[RFC PATCH] migration/rdma: Fix out of order wrid

Li Zhijian posted 1 patch 2 years, 10 months ago
Patches applied successfully (tree, apply log)
git fetch https://github.com/patchew-project/next-importer-push tags/patchew/20210610085831.19779-1-lizhijian@cn.fujitsu.com
Maintainers: Juan Quintela <quintela@redhat.com>, "Dr. David Alan Gilbert" <dgilbert@redhat.com>
migration/rdma.c | 23 +++++++++++++++++++++++
1 file changed, 23 insertions(+)
[RFC PATCH] migration/rdma: Fix out of order wrid
Posted by Li Zhijian 2 years, 10 months ago
destination:
../qemu/build/qemu-system-x86_64 -enable-kvm -netdev tap,id=hn0,script=/etc/qemu-ifup,downscript=/etc/qemu-ifdown -device e1000,netdev=hn0,mac=50:52:54:00:11:22 -boot c -drive if=none,file=./Fedora-rdma-server-migration.qcow2,id=drive-virtio-disk0 -device virtio-blk-pci,bus=pci.0,addr=0x4,drive=drive-virtio-disk0,id=virtio-disk0 -m 2048 -smp 2 -device piix3-usb-uhci -device usb-tablet -monitor stdio -vga qxl -spice streaming-video=filter,port=5902,disable-ticketing -incoming rdma:192.168.22.23:8888
qemu-system-x86_64: -spice streaming-video=filter,port=5902,disable-ticketing: warning: short-form boolean option 'disable-ticketing' deprecated
Please use disable-ticketing=on instead
QEMU 6.0.50 monitor - type 'help' for more information
(qemu) trace-event qemu_rdma_block_for_wrid_miss on
(qemu) dest_init RDMA Device opened: kernel name rxe_eth0 uverbs device name uverbs2, infiniband_verbs class device path /sys/class/infiniband_verbs/uverbs2, infiniband class device path /sys/class/infiniband/rxe_eth0, transport: (2) Ethernet
qemu_rdma_block_for_wrid_miss A Wanted wrid CONTROL SEND (2000) but got CONTROL RECV (4000)

source:
../qemu/build/qemu-system-x86_64 -enable-kvm -netdev tap,id=hn0,script=/etc/qemu-ifup,downscript=/etc/qemu-ifdown -device e1000,netdev=hn0,mac=50:52:54:00:11:22 -boot c -drive if=none,file=./Fedora-rdma-server.qcow2,id=drive-virtio-disk0 -device virtio-blk-pci,bus=pci.0,addr=0x4,drive=drive-virtio-disk0,id=virtio-disk0 -m 2048 -smp 2 -device piix3-usb-uhci -device usb-tablet -monitor stdio -vga qxl -spice streaming-video=filter,port=5901,disable-ticketing -S
qemu-system-x86_64: -spice streaming-video=filter,port=5901,disable-ticketing: warning: short-form boolean option 'disable-ticketing' deprecated
Please use disable-ticketing=on instead
QEMU 6.0.50 monitor - type 'help' for more information
(qemu)
(qemu) trace-event qemu_rdma_block_for_wrid_miss on
(qemu) migrate -d rdma:192.168.22.23:8888
source_resolve_host RDMA Device opened: kernel name rxe_eth0 uverbs device name uverbs2, infiniband_verbs class device path /sys/class/infiniband_verbs/uverbs2, infiniband class device path /sys/class/infiniband/rxe_eth0, transport: (2) Ethernet
(qemu) qemu_rdma_block_for_wrid_miss A Wanted wrid WRITE RDMA (1) but got CONTROL RECV (4000)

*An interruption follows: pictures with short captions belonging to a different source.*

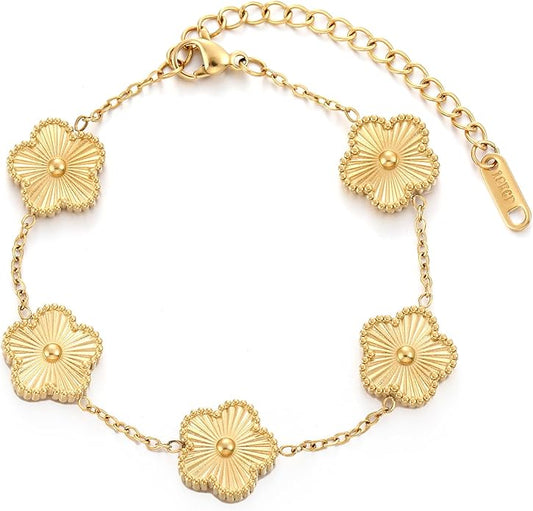 Four Leaf Bracelet in Yellow Gold - Yellow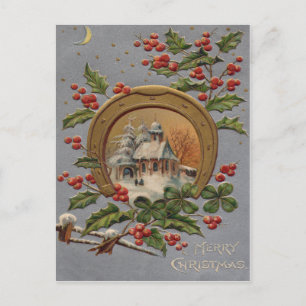 Church Holly Christmas Tree Gold Horseshoe Feiertagspostkarte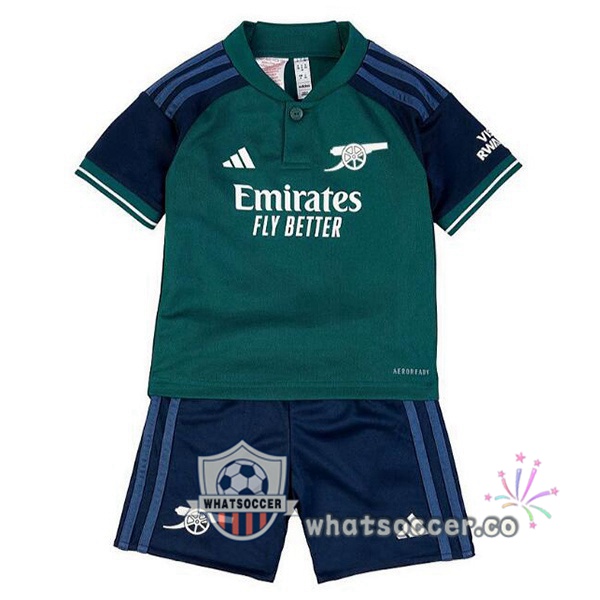 Arsenal Kids Third Soccer Jerseys Green 2023-2024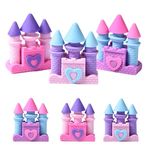 HILAZA 18pcs Castle Erasers for Kids, 3D Cute Pink Pencil Erasers for Girls, Cool Fun Puzzle Erasers for School Supplies, Party Favors and Home Prizes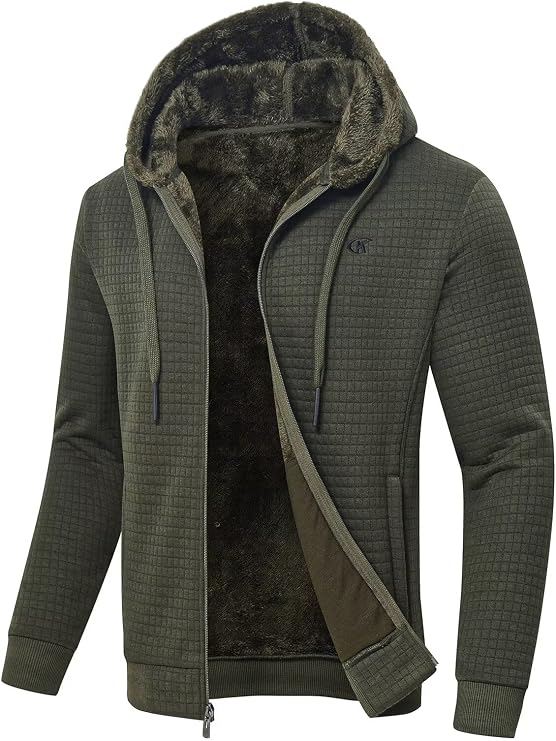 yuyangdpb Men's Full Zip Hoodie Waffle Knit Sherpa Lined with Zip Pockets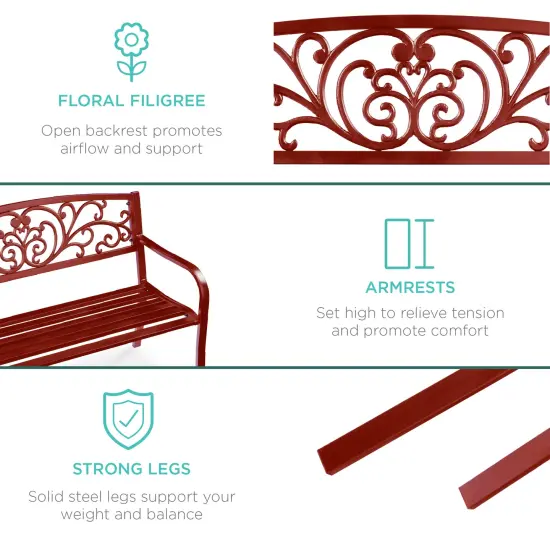 Best Choice Products Outdoor Steel Bench Garden Patio Porch Furniture w/ Floral Design Backrest Rust {6}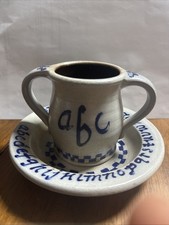 Rowe Pottery ABC Mug  saucer. Handmade With Salt Glaze, Cobalt Blue 1990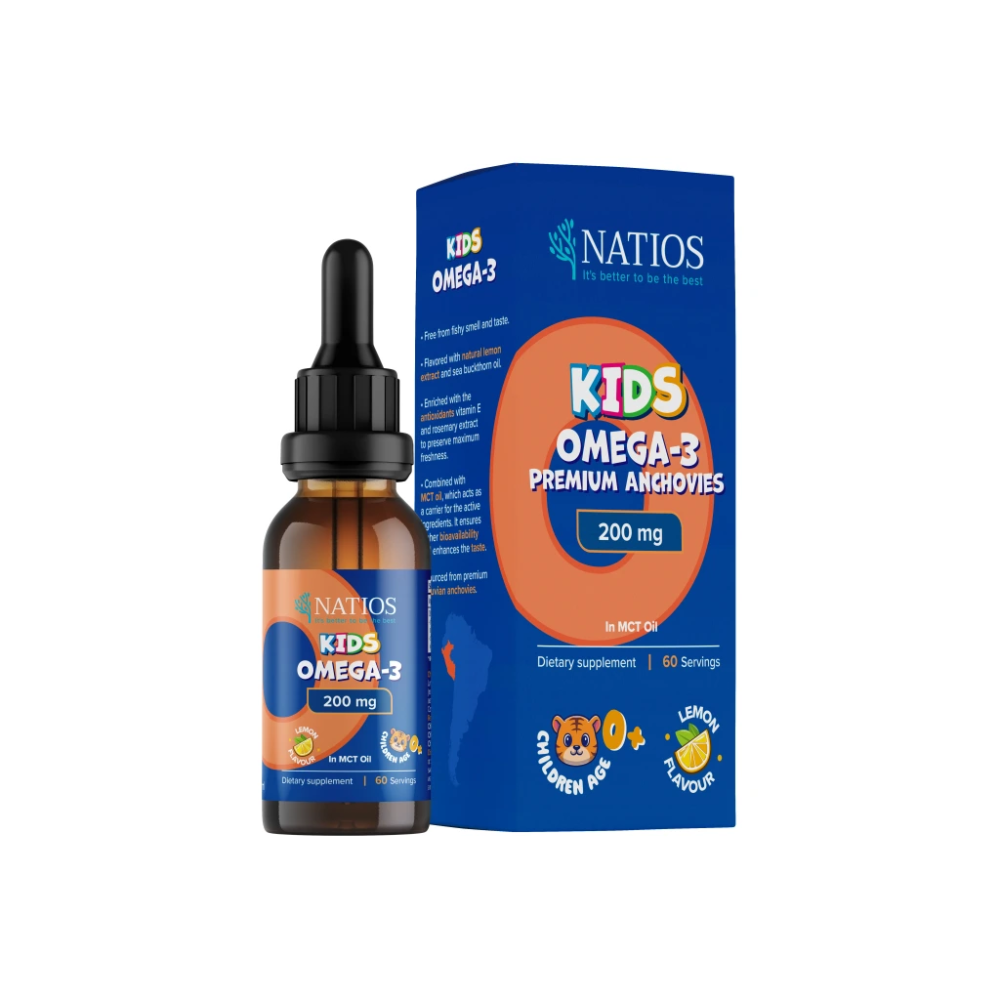 NATIOS Kids Omega-3 Premium Anchovies, 200 mg, Kapky v MCT oleji, 30 ml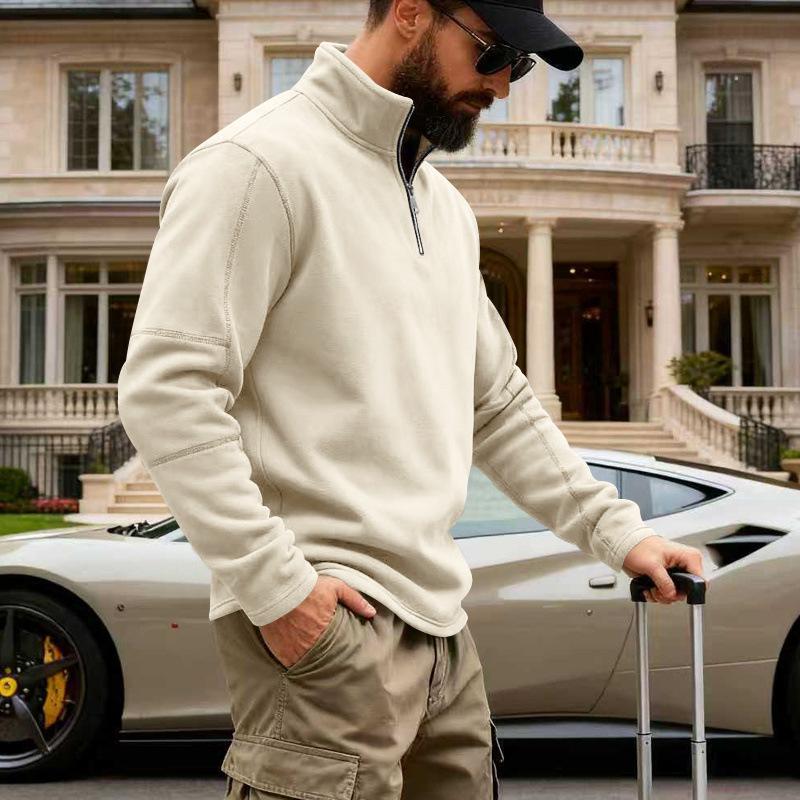 2026 New Autumn and Winter Loose Stand Collar Sports Sweatshirt S абрикосовый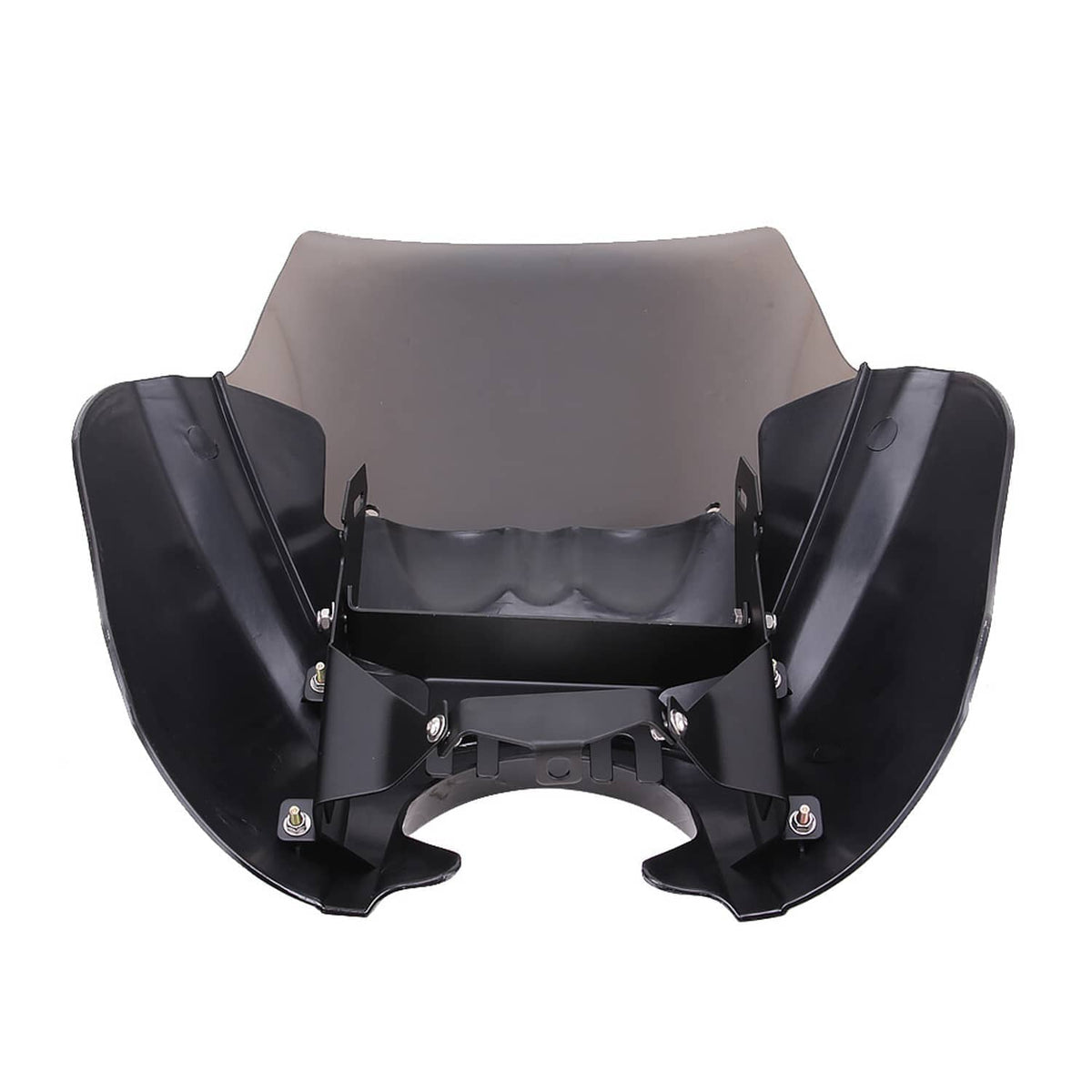 Rear view of motorcycle front fairing and smoke windshield with mounting hardware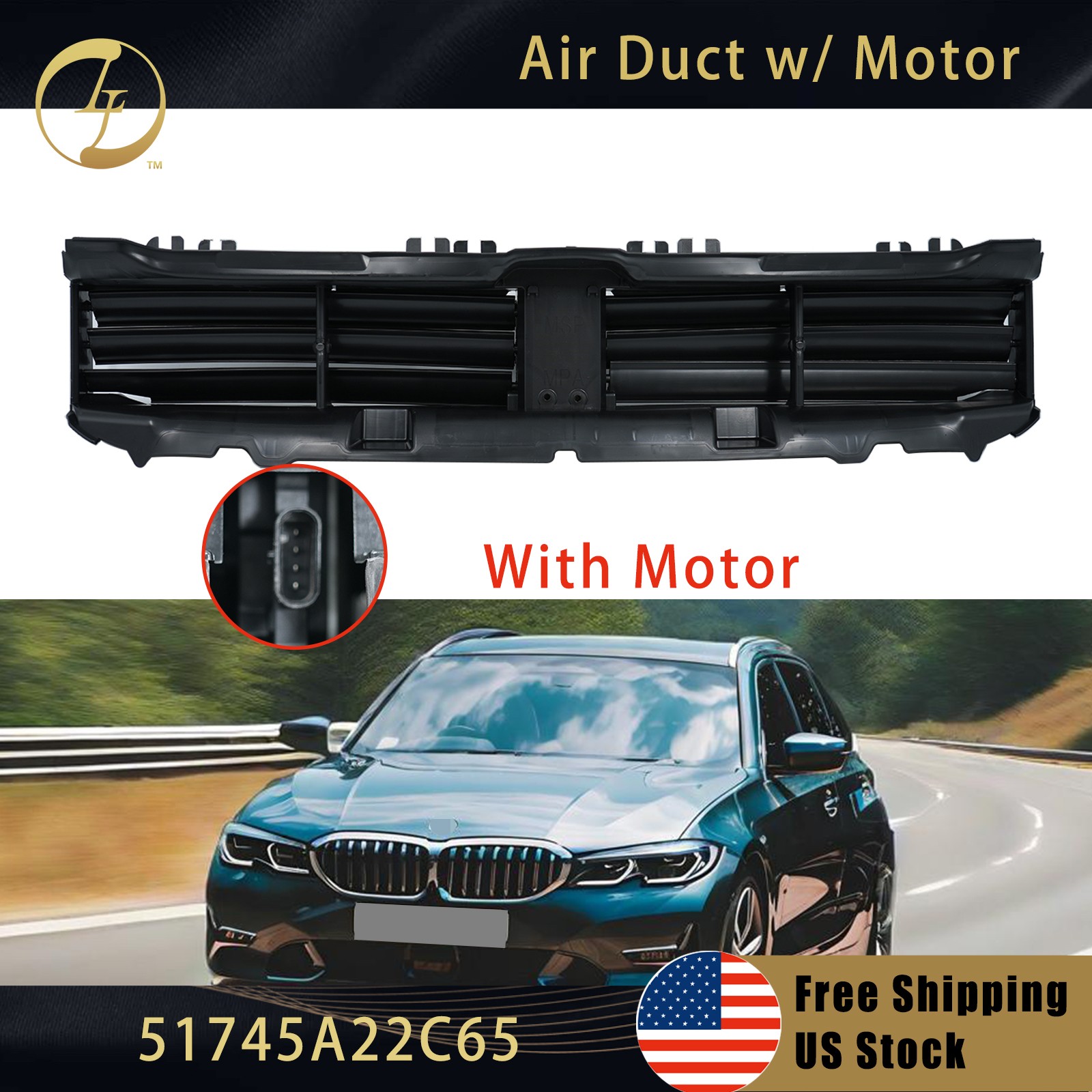 Air Duct With Air Flap Control For 2019-2025 BMW 330e 330i M340i 51745A22C65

NOTE: soft RoCE as the rdma device.
[root@iaas-rpma images]# rdma link show rxe_eth0/1
link rxe_eth0/1 state ACTIVE physical_state LINK_UP netdev eth0

This migration cannot be completed since out of order(OOO) CQ event occurs.
OOO cases will occur in both source side and destination side. And it
happens on only SEND and RECV are out of order. OOO between 'WRITE RDMA' and
'RECV' doesn't matter.

below the OOO sequence:
	  source                     destination
  qemu_rdma_write_one()          qemu_rdma_registration_handle()
1.	post_recv X                 post_recv Y
2.			            post_send X
3.			            wait X CQ event
4.	X CQ event
5.	post_send Y
6.	wait Y CQ event
7.			            Y CQ event (dropped)
8.	Y CQ event(send Y done)
9.			            X CQ event(send X done)
10.                                 wait Y CQ event(dropped at (7), blocks forever)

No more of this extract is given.